Tempête la plus meurtrière depuis 1999, Xynthia a provoqué de larges dommages dont la réparation s’annonce longue et difficile. Les conséquences de cet événement climatique permettent d’envisager une série de questions de nature économique, englobant aussi bien les politiques à long terme que l’impact de cette tempête sur l’activité. Particuliers, entrepreneurs et collectivités touchés sont engagés dans un processus d’indemnisation dont les contours sont encore à définir.

Le rétablissement de l’électricité encore incertain

Sauf nouvel événement climatique, le rétablissement de l’électricité devrait, selon le distributeur d’électricité ERDF, être assuré mercredi soir pour 80% des foyers. De source officielle, 1,3 million de foyers ont été touchés au plus fort des événements. ERDF doit, en vertu de ses prérogatives de service public, réalimenter 90% des clients dans un délai de cinq jours. La question de l’enfouissement du réseau, déjà posée après les tempêtes de 1999 et de 2009, refait surface. 39% seulement du réseau basse et moyenne tension est enfoui, contre une moyenne de 80% en Allemagne.

Indemnisation : vers des mesures exceptionnelles

La ministre de l’Economie Christine Lagarde appelait dès dimanche à « les assureurs à une mobilisation exemplaire afin d’accélérer les procédures d’indemnisation et de réparation ». Trois millions d’euros sont d’ores et déjà débloqués dans l’objectif d’aider les victimes à faire face aux dépenses immédiates. Les modalités d’allocation de cette somme devraient rapidement être précisés. De nombreux assureurs ont repoussé le délai légal de cinq jours relatif à la déclaration de sinistre.

Les entrepreneurs touchés doivent pour leur part faire jouer leur assurance perte d’exploitation, la publication des arrêtés de catastrophe naturelle permettant de déclencher, selon les contrats, une batterie de clauses. Une baisse ou une cessation d’activité causée par une affectation des moyens de production devra être prouvée, les compagnies d’assurance étant en train de mettre en place des cellules dédiées aux entreprises. Lors de la précédente tempête ayant affecté la France, Klaus, au 30 janvier 2009, 740.000 sinistres avaient été enregistrés pour une somme globale de 1.680 millions d’euros.
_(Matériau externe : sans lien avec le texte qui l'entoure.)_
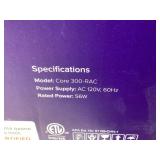 Levoit Core 300S-P Smart Air Purifier (Used)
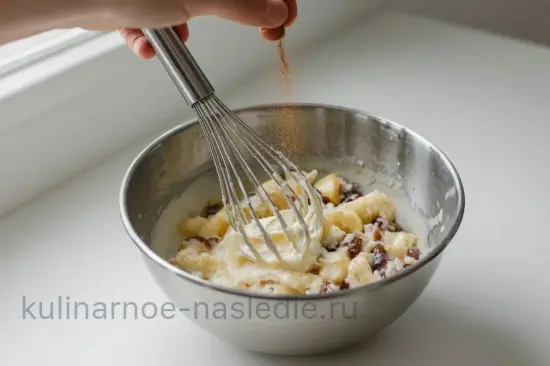 Смузи на ряженке с бананом и финиками - шаг 3 (изображение)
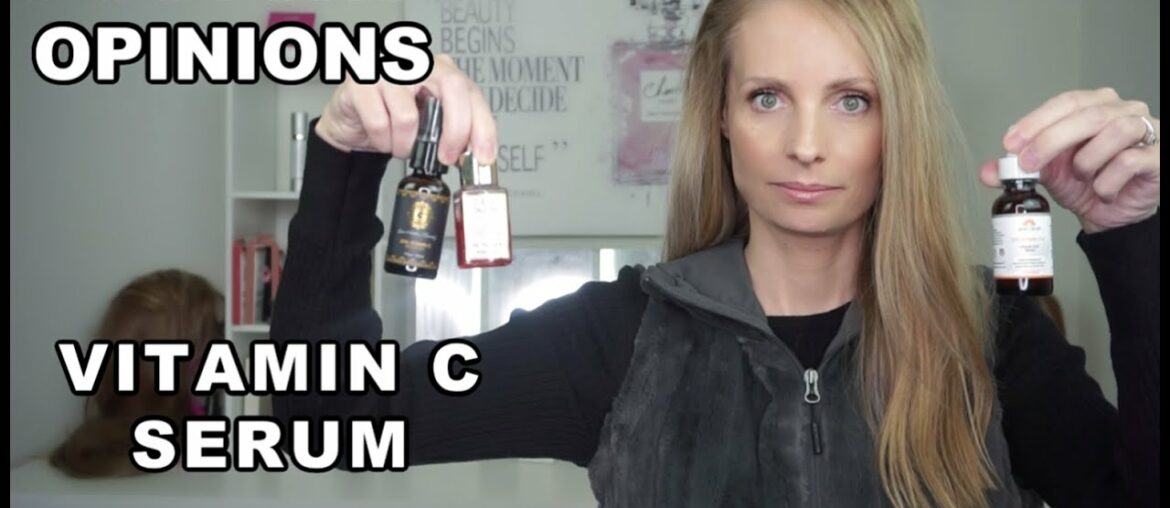 DOCTORS OPINIONS VITAMIN C | VITAMIN C SERUM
Les autorisations de construction en question

« A la Tranche, j’ai toujours refusé aux promoteurs le droit de construire sur des zones dangereuses. On a toujours lutté contre l’érosion de la dune, on n’allait pas les laisser construire » se défend, dans une interview accordée à 20Minutes.fr, le maire de la Tranche-sur-Mer, Serge Kubryk. La gestion des constructions en bord de mer est au cœur du bilan de l’après-tempête, aux plans d’occupation des sols s’ajoutant les nombreuses autorisations d’édification toujours plus près des cotes.

Les digues ou dunes, selon les villes, n’ont pour la plupart pas résisté, remettant en cause ce système essentiel pour la sécurité des polders, situés sous le niveau de la mer. Certaines communes avaient déjà engagé l’instruction d’un plan de prévention des risques, caractérisé par une typologie des zones constructibles.

Cette tempête met par ailleurs en exergue la question de l’indemnisation des risques liés au changement climatique, 770 événements par an en moyenne, sur ces dix dernières années, étant considérés comme des catastrophes naturelles.